Osservando oggi la mia vecchissima e pesantissima Olivetti – per pulirla un po’ – ho ricordato quei due anni di dattilografia che mi vedevano perennemente con le dita scorticate. Un fastidio! Eppure tutte le inverosimilmente noiose ore trascorse a fare esercizi di memorizzazione a ritmi diversi, mi hanno permesso di andare alla cieca e spedita come una saetta, tanto da riuscire a seguire meglio i pensieri quando vanno troppo veloci anche per la penna sul foglio.

Mi sorprende sempre vedere come le mie dita sappiano dove andare, nonostante io non badi a loro, pigiando i tasti giusti e senza tentennamenti. Una sorta di possessione.

Impariamo così, memorizzando e attuando in automatico quello che ormai già sappiamo fare. Diventa parte di noi. Scrivere, guidare, farsi un piatto di pastasciutta… una parte di noi si occupa di compiere questi gesti, l’altra parte pensa al resto.

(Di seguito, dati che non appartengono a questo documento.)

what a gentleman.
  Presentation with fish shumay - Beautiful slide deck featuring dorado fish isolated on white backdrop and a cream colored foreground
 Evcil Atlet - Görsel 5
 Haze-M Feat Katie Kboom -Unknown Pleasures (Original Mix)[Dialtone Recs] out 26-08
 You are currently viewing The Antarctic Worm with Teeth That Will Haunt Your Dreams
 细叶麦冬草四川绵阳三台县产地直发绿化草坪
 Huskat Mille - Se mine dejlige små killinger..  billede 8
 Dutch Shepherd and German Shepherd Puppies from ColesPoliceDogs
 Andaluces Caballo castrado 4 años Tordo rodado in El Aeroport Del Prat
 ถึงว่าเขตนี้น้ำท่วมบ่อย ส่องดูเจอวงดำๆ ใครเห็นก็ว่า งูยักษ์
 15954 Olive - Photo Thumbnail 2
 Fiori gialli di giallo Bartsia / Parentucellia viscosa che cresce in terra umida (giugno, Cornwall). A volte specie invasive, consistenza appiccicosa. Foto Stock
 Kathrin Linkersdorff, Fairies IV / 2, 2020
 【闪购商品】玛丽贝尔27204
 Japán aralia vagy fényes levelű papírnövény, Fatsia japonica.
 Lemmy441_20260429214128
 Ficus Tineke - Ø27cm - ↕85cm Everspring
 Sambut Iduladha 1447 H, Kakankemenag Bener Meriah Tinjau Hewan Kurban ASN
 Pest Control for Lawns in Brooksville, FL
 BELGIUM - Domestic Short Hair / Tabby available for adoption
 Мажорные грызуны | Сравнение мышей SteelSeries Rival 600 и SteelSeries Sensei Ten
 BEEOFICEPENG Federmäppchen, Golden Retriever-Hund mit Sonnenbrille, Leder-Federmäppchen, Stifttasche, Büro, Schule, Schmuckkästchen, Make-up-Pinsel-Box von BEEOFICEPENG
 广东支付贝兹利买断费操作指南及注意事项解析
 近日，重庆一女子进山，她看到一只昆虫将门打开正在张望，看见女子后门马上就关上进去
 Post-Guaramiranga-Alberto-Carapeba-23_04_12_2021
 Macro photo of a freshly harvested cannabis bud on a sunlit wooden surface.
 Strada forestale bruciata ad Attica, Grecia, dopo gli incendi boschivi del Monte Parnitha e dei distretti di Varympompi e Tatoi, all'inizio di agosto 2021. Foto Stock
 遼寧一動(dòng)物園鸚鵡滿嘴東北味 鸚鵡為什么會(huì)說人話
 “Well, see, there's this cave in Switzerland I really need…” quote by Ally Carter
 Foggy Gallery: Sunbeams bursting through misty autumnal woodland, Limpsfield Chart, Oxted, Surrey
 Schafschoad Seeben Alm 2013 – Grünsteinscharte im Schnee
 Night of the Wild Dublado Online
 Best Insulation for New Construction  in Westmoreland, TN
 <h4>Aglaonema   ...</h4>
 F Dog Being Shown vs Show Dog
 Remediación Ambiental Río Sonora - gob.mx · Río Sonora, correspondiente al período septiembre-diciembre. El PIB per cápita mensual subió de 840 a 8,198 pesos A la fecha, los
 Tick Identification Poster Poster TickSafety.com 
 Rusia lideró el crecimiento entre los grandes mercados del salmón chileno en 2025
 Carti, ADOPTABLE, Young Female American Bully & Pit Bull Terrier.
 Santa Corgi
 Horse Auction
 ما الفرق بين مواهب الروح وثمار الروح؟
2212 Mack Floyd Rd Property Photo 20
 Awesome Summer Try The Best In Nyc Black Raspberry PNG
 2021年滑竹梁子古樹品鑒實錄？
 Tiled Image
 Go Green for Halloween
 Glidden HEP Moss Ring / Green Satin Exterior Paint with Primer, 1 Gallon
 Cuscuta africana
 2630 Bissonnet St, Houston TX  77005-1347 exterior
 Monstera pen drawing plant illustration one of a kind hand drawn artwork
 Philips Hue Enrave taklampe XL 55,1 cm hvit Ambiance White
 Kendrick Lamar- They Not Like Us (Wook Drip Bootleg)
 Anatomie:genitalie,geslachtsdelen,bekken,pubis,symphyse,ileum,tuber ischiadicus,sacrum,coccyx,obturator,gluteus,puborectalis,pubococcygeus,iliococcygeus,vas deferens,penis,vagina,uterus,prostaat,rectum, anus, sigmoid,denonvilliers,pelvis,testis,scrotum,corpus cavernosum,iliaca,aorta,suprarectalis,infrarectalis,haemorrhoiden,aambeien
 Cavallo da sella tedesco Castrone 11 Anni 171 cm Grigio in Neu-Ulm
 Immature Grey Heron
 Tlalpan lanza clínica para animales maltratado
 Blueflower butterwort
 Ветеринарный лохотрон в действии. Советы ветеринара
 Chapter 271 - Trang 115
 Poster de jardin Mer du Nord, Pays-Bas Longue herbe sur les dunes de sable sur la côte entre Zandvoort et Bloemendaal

E il resto può essere piuttosto vasto.

Dove sono le chiavi? Dove ho messo il portafoglio? Ho preso il cellulare? Ho chiuso la porta di casa? Ho buttato la spazzatura? Almeno una volta al giorno me lo domando, dandomi ogni volta della cretina: ma dove diavolo ti va la testa, Babs!!! Ecchenneso!

Quando, però, appoggio le mani sulla tastiera è come se fossero loro a tirare fuori da me le cose che devono essere scritte. Lascio a loro il compito e guardo come va. Prima di postare rileggo – se il sonno non mi vince – e sistemo quello che posso sistemare. Non riscrivo mai, qui non si tratta di perfezionare, qui si tratta solo di scrivere meglio che posso e con tutta l’onestà che posso, che è già un bel casino senza impormi virtuosismi inutili, faticosi e senza senso.

Comunque ribadisco: appoggio le mani sulla tastiera e non è più affar mio. Credo che per quanto quello che so fare non rischierà di cambiare il mondo, per quanto sia cosa imperfetta, che io lo sappia fare, che le mie mani lo sappiano fare è strabiliante. Lo è davvero: strabiliante.